GENEVA • Private bank BSI, which is being acquired by EFG International, is challenging a 95 million Swiss franc (S$132.8 million) penalty issued by Switzerland's financial regulator Finma over the lender's ties to 1Malaysia Development Berhad (1MDB).
"BSI believes that Finma's procedure leading to the decision was flawed in many respects and Finma's decision, as such, is disproportionate and incorrect," the company said in e-mailed statement yesterday, after lodging an appeal with the country's Federal Administrative Court.
"In addition, Finma's communication of the matter has severely harmed the reputation of the bank and its employees," it said.

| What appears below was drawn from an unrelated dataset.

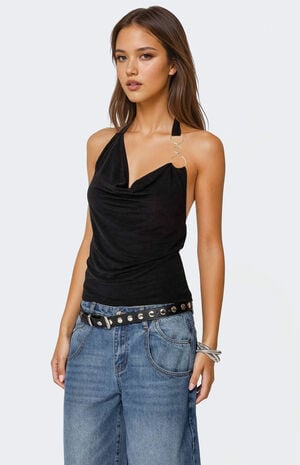 Rhia Cowl Neck Halter Top image number 3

Finma's move last month coincided with Singapore's financial regulator's decision to strip BSI of its banking licence over ties to troubled 1MDB. The Malaysian fund is at the centre of a multi-billion-dollar graft scandal, and its transactions have triggered investigations on three continents. The United States, Swiss and Singaporean prosecutors are investigating whether as much as US$4 billion (S$5.3 billion) may have been embezzled and laundered through 1MDB.
Both 1MDB and Malaysian Prime Minister Najib Razak, who headed the fund's advisory board, have repeatedly denied wrongdoing.
BSI was ordered to give up 95 million Swiss francs of profit because the bank "ignored clear warning signals" about the risk of some transactions as it pursued higher-margin returns, Mr Mark Branson, head of the Swiss regulator known as Finma, said last month.
Finma also said BSI had repeatedly missed red flags in various transfers involving 1MDB over several years, and failed to double-check potentially suspect transactions, including a deposit of US$20 million described by a client as a"gift".
Finma's spokesman Vinzenz Mathys said its decisions can be challenged and subject to judicial review and "that's what's happening here".
Mr Rocco Maglio, a spokesman for the court, said he could not immediately confirm receipt of the appeal.